My poem, SEVENTEEN has been published today – fresh for your eyes and ears, hurray!!
I originally wrote this poem at the age of seventeen. I’ve carried it with me for so long as I am now 30 and with each new year the poem underwent significant changes, morphing into what it is today.
The process of revising, editing and polishing the poem was in many ways intense. Every so often I added to it, deconstructed it, removed elements from it, spliced other writings to it, renamed it, massaged it, locked it away for long periods of time, carried it with me on outings, hated it, and loved it…
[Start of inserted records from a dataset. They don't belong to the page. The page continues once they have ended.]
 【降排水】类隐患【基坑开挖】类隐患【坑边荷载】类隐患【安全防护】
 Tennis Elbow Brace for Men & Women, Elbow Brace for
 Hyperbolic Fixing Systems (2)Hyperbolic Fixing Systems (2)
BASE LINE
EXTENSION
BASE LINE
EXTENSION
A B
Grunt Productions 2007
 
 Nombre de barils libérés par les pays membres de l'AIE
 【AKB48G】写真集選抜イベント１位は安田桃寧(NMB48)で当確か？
And after all those changes it has now reached it’s final form and has been published. Seventeen has made its new home in Burningword Literary Journal. Burningword is a quarterly publication focussing on emerging writers of poetry and short fiction, I am proud to have my piece featured in it.
Seventeen is dedicated to my very great longtime friend, T. Rodriguez – I love you and I hope that you know that always.
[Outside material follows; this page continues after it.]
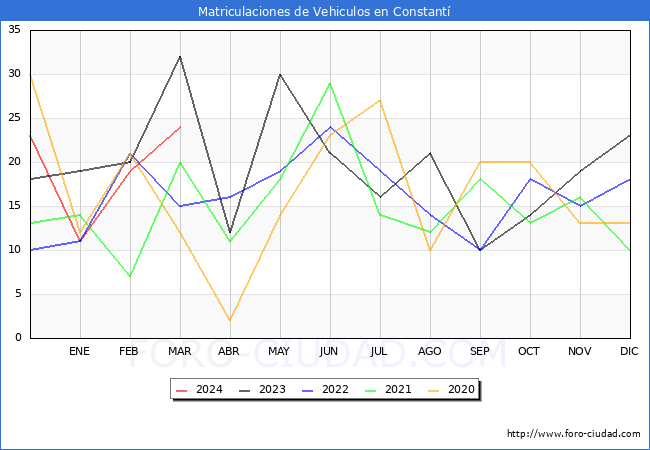 estadsticas de Vehiculos Matriculados en el Municipio de Constant hasta Marzo del 2024.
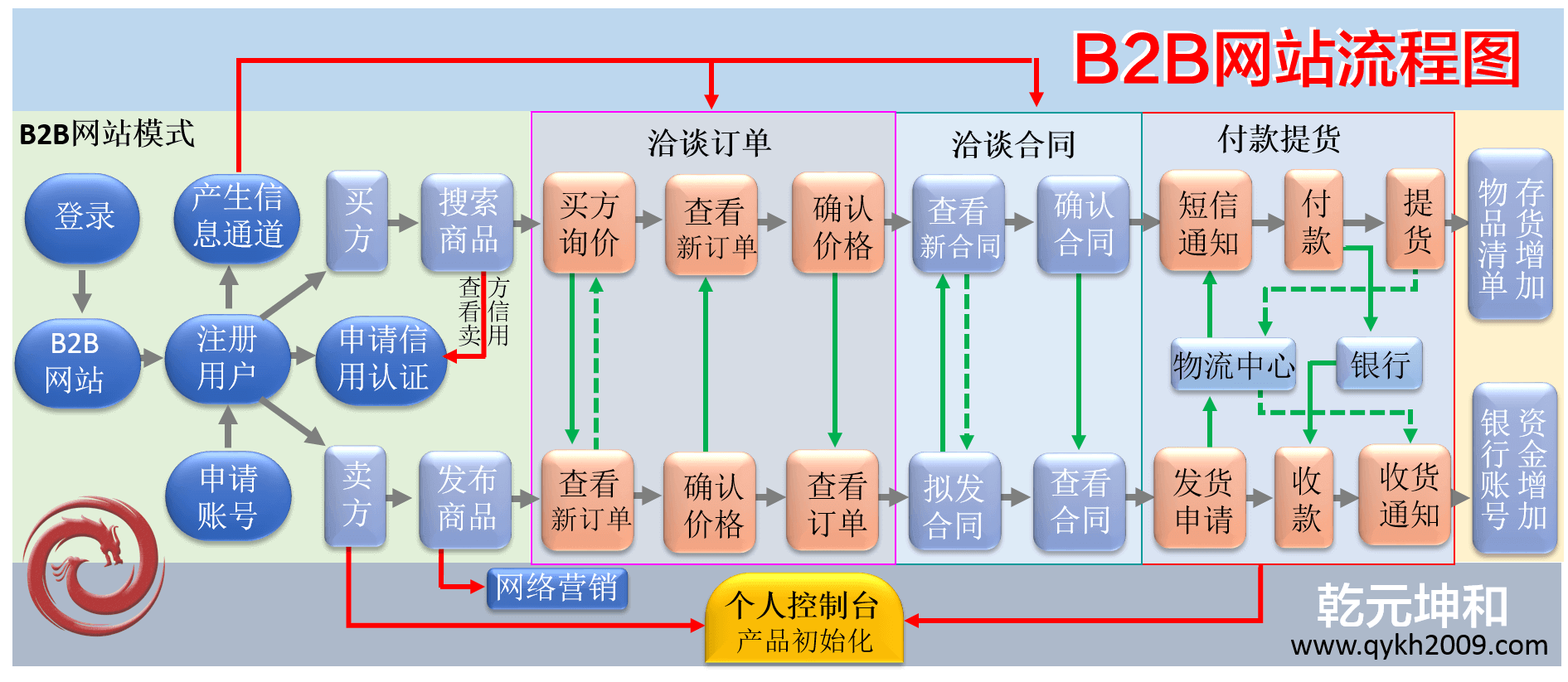 B2B系统流程图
Please feel free to check it out and share the piece with others. It is viewable via three different formats – for free online (link below) as well as in digital format for iPad and for $15 in print form (both digital and print are accessible via the Burningword website.) Which ever way you experience it, I hope you like it!
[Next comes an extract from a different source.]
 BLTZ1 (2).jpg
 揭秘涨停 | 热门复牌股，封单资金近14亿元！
Hi everyone, I am very pleased to announce that I have a new piece out today titled, “Tonic” and it is featured in the prose – hybrid section of DUENDE, the literary arts journal from the amazing team of the BFA in Writing program at Goddard College.
Tonic is a surrealism piece very close to my heart and I am just so honored and proud that the editorial team at Duende has chosen to feature it in their second issue. It’s an amazing feeling for me to see another one of my pieces in published format.
Tonic falls under the genre of hybrid because of the poetic language and the use of surrealism which gives this creation so many layers. Weaving fiction, memoir and poetry together and splicing the different elements is what in many ways makes this piece a tonic, to be consumed, devoured, ingested allowing it to bubble and brew within the canals of your stomach. A tonic to stimulate the senses, the mind, a tonic for the soul. Who doesn’t like a sip of a hybridized work of art. I hope you all enjoy it. Cheers!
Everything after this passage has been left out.